The results of Figure 11 show that the austenite grain size before entering the homogenization furnace is nonuniform with finer grains being present near the surface. After homogenization at 1473 K (1200 °C), which is above the precipitate pinning temperature for the present steel (APIX60), the grains at the surface grow significantly and become comparable in size to those at the center of the slab. If a lower homogenization temperature or higher microalloying content is used, it is possible to pin grain growth in the homogenization furnace. This, however, would lead to a nonuniform grain size distribution, with large grains in excess of 800 μm being present at the center. This seems to be the case in higher grade API steels (e.g., X80), where it is often reported that the grain size at the center is significantly larger than that at the surface of the slab.

Another important consequence of the results shown in Figure 11 is that grain-size control in both the delta and austenite is necessary in order to avoid the presence of excessively large grains at the center of the slab in the TSCDR process. Some variation in grain-size between the surface and the center of the slab will still be present, as this is inherited from the as-cast structure (Figure 10(a)).

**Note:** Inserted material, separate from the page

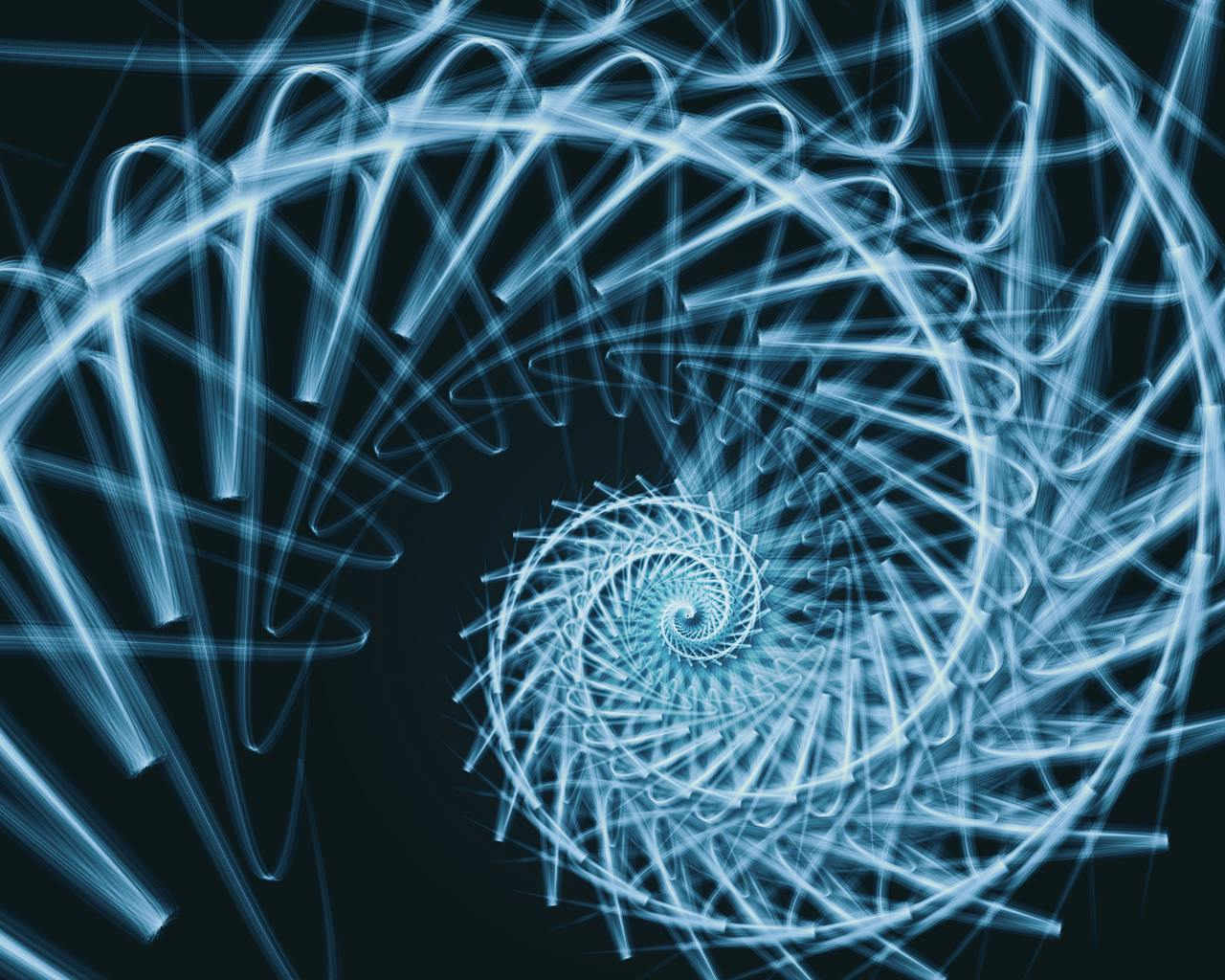 Feature Image - DIgital Abstract 04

It seems that future research efforts should focus on developing effective pinning methods for preventing grain growth in delta-ferrite and austenite prior to thermomechanical processing. This is a challenging task because rapid precipitate coarsening would be expected at high temperatures. Various oxide dispersions have been suggested for this purpose.[24]

5 Conclusions

1. 1.

   Delta-ferrite grain growth was studied using a model alloy in which delta-ferrite is stable down to room temperature. The results were modeled using a simple nonisothermal grain-growth model.

2. 2.

   Austenite grain growth was investigated at temperatures between 1473 K (1200 °C) and 1673 K (1400 °C) using Nb/Ti-free alloy to bypass the complications of particle pinning and abnormal grain growth. Grain-growth kinetics at 1573 K (1300 °C) and 1673 K (1400 °C) was successfully described using a model similar to that used to model grain growth in delta-ferrite.

3. 3.

   Application of the model to grain growth in APIX60 successfully reproduced the grain size distribution as a function of position within the slab. The results suggest that it is essential to control grain growth in both delta-ferrite and austenite in order to maintain a grain size of less than 400 μm prior to the onset of thermomechanical processing.